EXERCISE BRIEF.
Copying rule for the data below: take the line containing "Two WW2 German" and every line after it to the end, exactly, and drop all pictures.

SOURCE MATERIAL.
=-=-=-=-=

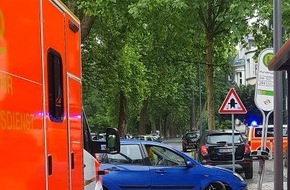 Feuerwehr Bochum: FW-BO: Verkehrsunfall mit einer leicht verletzten Person in der Bochumer Altstadt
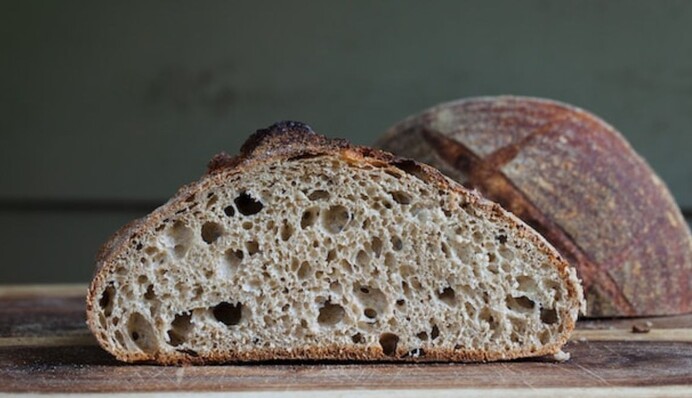 Коли не можна вживати глютен і як розпізнати в себе целіакію: поширені симптоми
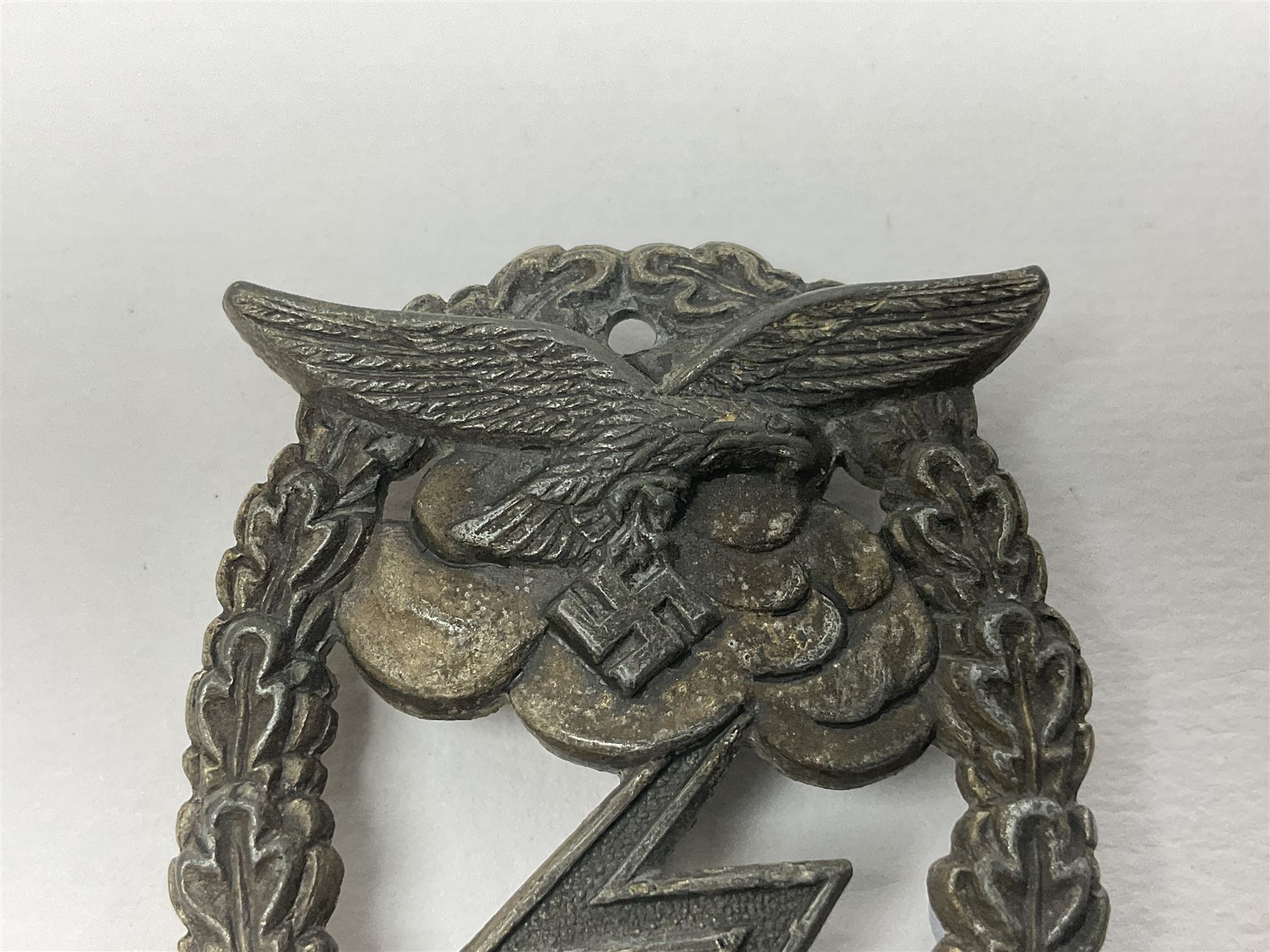 Two WW2 German Luftwaffe Ground Assault/Combat badges - one with flat pin and maker's mark M.u.K.; t - Image 7 of 9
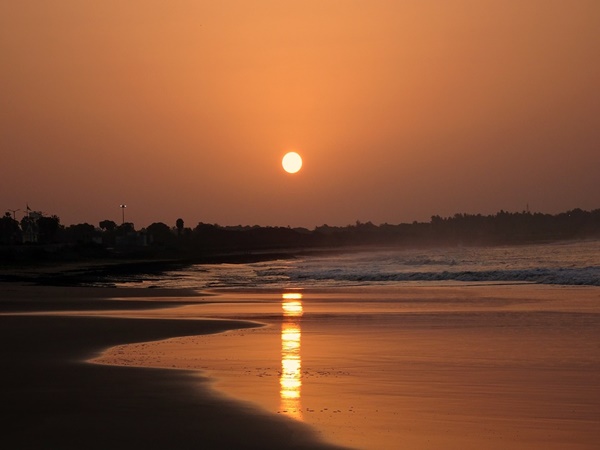 നഗോവ ബീച്ച്, ദിയു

=-=-=-=-=

EXERCISE SOLUTION.
 Two WW2 German Luftwaffe Ground Assault/Combat badges - one with flat pin and maker's mark M.u.K.; t - Image 7 of 9
 നഗോവ ബീച്ച്, ദിയു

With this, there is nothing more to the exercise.